The fourth patient being monitored had indicated to Health officials that she was diagnosed with Chik-V in Salvador. Confirmatory testing will also be done on her blood samples by the Ministry of Health.

“Earlier today, we had an individual who just like the first lady had traveled to Salvador and she traveled on September 10, 2014. She came back into the country on October 4. When she came back, she wasn’t displaying all the symptoms in terms of fever,” said Bautista.

He said that the woman had visited a private physician in Belmopan, and yesterday she visited the Western Regional Hospital as well.

“She had that joint pain in ankles and wrist and the back and places like that; no fever. Again, she went because of the pain. When we followed up today, she told us that when she was in Salvador, she was also clinically diagnosed with Chickungunya. We also took a blood sample. She has not tested locally,” he added.

Bautista said that there are three communities of interest in the Belmopan area: Las Flores, Salvapan and San Martin. Las Flores has been treated with high priority, Bautista said.

“What happens with that area is that you have quite a bit of immigrants, nationalized Belizeans with strong ties to Salvador. We have quite a bit of persons traveling back and forth.

There are even weekly shuttles to Salvador from the Belmopan market area,” he explained, noting that Salvador has been dealing with thousands of cases, but that these have mostly been clinically diagnosed – not confirmed by lab tests.

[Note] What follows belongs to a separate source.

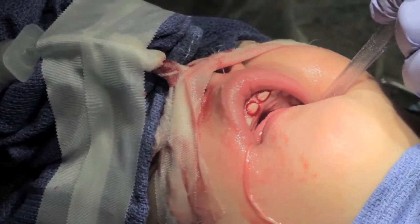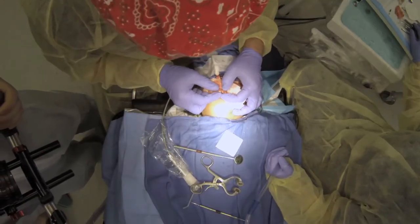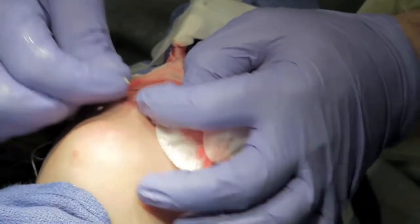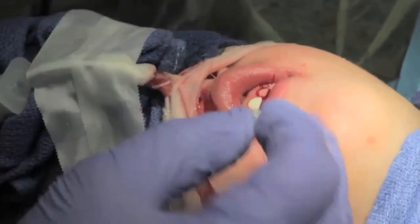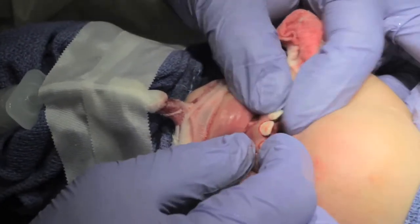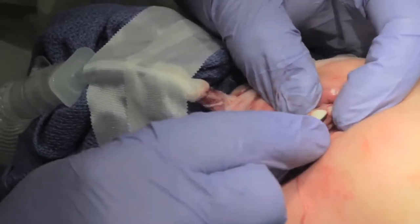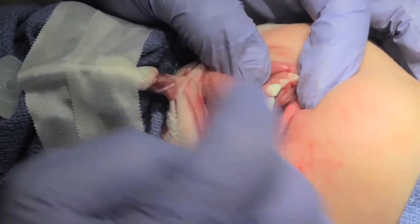Now we can try on some crowns. I'll try a central right size two — that goes over pretty nice, but let's try one size smaller: central right one. Perfect. Let's try a left central one. Perfect. So the size is perfect. You don't want them fitting too snug because it puts too much pressure on the facing, but you want to make sure you can get them straight and aligned. These are pretty good.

“In terms of on-the-ground response, we have been in Las Flores, which is typically a high-risk area for even dengue. We have been on the ground conducting public education, fogging, issuing bed nets… almost treating it with high priority, because of too many coincidences over a short period of time,” Bautista told us.

Like dengue, Chik-V is transmitted via the Aedis aegypti and Aedis albopictus mosquitos.

Earlier this month, we told you that the Ministry of Health has had to conduct similar retesting of a patient who had been diagnosed using a rapid test with Chikungunya; however, Health officials said that the patient had not contracted Chikungunya.